As medidas do PAEG auxiliadas pelo contexto internacional propiciaram a concretização do tal “milagre econômico”. Com a inflação operando em queda durante todo o período, a economia do país cresceu, em média, 10,2% ao ano (a.a) e o PIB saltou de 9,8% a.a. em 1968 para 14% a.a. em 1973. Mas no sentido de “primeiro fazer crescer o 'bolo' para depois dividi-lo”, como decretou o então ministro da Fazenda Delfim Neto, essa fase estável da economia, confundiu-se com os chamados "anos de chumbo", o período mais repressivo da ditadura, iniciado no fim de 1968, após a edição do AI-5. O que corroborou para um expressivo aumento na concentração de renda.
O ambiente de repressão política e de sindicatos sufocados favoreceu o arrocho salarial, incluindo aí o salário mínimo, colaborando para o crescimento do bolo sugerido pelo ministro Delfim, pois o setor privado fazia grandes investimentos financiados pela folga financeira devido à redução de custos que representava a folha de pagamento – além de favores concedidos pelos militares a determinados setores econômicos. Esse arrocho foi um vetor importante do modelo econômico implantado. Nos 21 anos do regime, o salário mínimo perdeu, em termos reais, mais de 50% do seu valor. “Todo esse controle administrativo sobre os salários, viabilizado pela repressão política, logrou reduzir a participação do trabalho, especialmente o não-qualificado, na renda nacional, aspecto catalisador do crescimento da desigualdade social”, explicou Ricardo Zórtea Vieira, mestre e doutorando em Economia Política Internacional pela UFRJ.

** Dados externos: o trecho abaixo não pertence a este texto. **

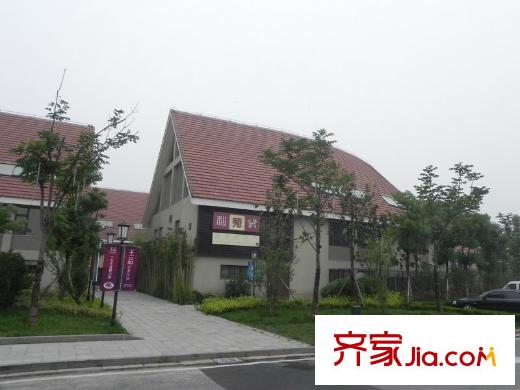 瀾郡配套圖項(xiàng)目北面的1912會(huì)所（2011.07）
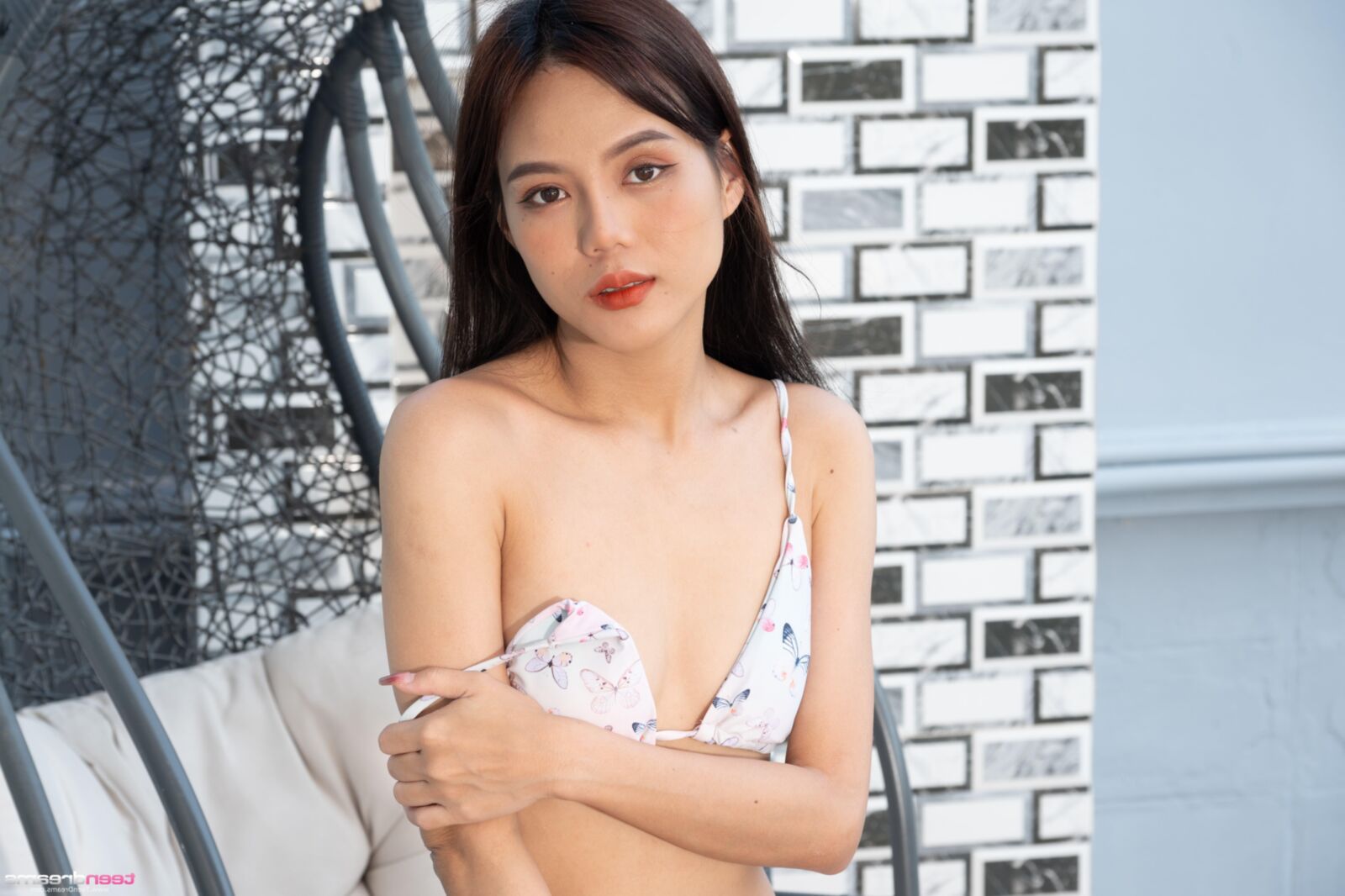 Rose Sarinz yo in butterfly bikini gets naked and poses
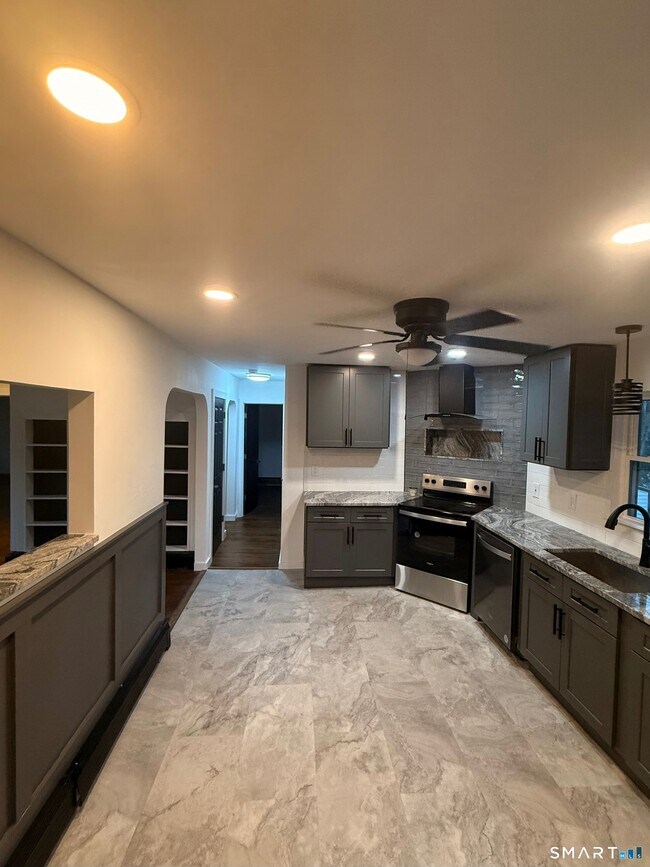 Building Photo - 8 Eddy Rd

Segundo o estudo feito por Pedro Ferreira de Souza, pesquisador do IPEA (Instituto de Pesquisa Econômica Aplicada) e da UnB, em 1965, a fração recebida pelo 1% mais rico, considerando apenas os rendimentos tributáveis brutos (só o passível de pagar tributo), era cerca de 10% do bolo total. Apenas três anos depois, a cifra foi a 16%.
Por sua vez, o setor público financiava seus investimentos pelo usufruto do endividamento externo, aprofundando por aqui características de uma economia dependente e subordinada. O petróleo, importado a preços baixos no período, impulsionava ainda mais a economia nacional. Mas, em 1974, ocorreu o primeiro choque do petróleo, quando seu preço foi elevado abruptamente. “Nessa época, o Brasil ainda não produzia petróleo, e com o enorme salto no preço dos barris, o governo precisou retirar recursos de programas de desenvolvimento, além de se endividar muito, para poder comprá-los”, contou o professor, mestre em Ciência Sociais e Educação e pós-doutor em História e Política, José Eudes, acrescentando que essa crise também provocou uma aceleração da taxa de inflação no mundo todo e principalmente no Brasil, onde passou de 15,5% em 1973 para 34,5% no ano seguinte.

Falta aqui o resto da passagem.